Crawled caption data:
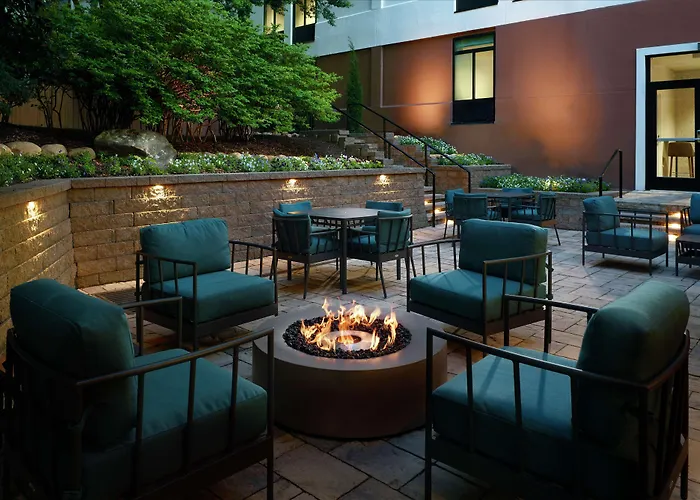 Hilton Garden Inn Atlanta-Buckhead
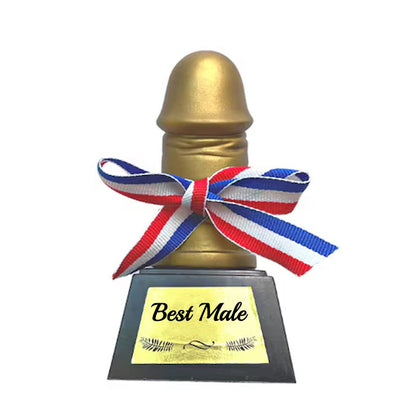 Novelty Champion's Trophy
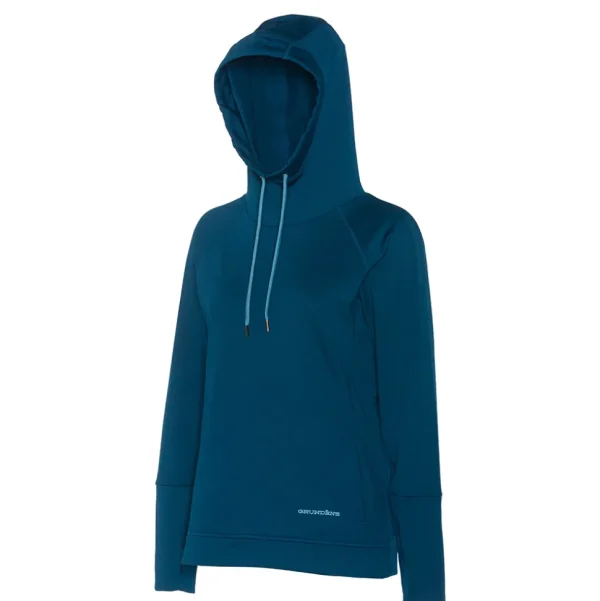 Grundéns Women's Maris Hoodie>Women Hoodies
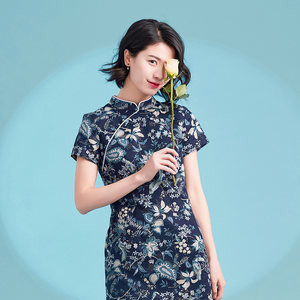 【婚礼妈妈装新娘喜婆婆结婚旗袍价格】最新婚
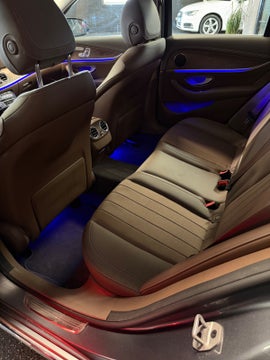 Mercedes E300 de 2020 — miniature 11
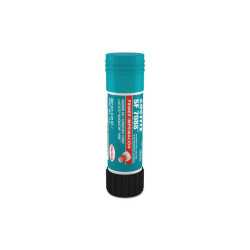 SF 7088 Surface Primer, 17 g, Stick, Turquoise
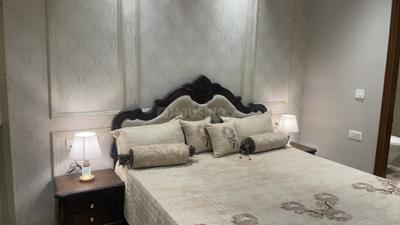 Bedroom Image of 1056 Sq.ft 2 BHK Builder Floor for sale in Kharar Mohali for Rs. 4560000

Problem to work on: The pictures stay out; repeat exactly the lines from the one with "Mercedes E300 de 2020 — miniature 11" to the end of the entries above, and nothing else.

Your solution:
 Mercedes E300 de 2020 — miniature 11
 SF 7088 Surface Primer, 17 g, Stick, Turquoise
 Bedroom Image of 1056 Sq.ft 2 BHK Builder Floor for sale in Kharar Mohali for Rs. 4560000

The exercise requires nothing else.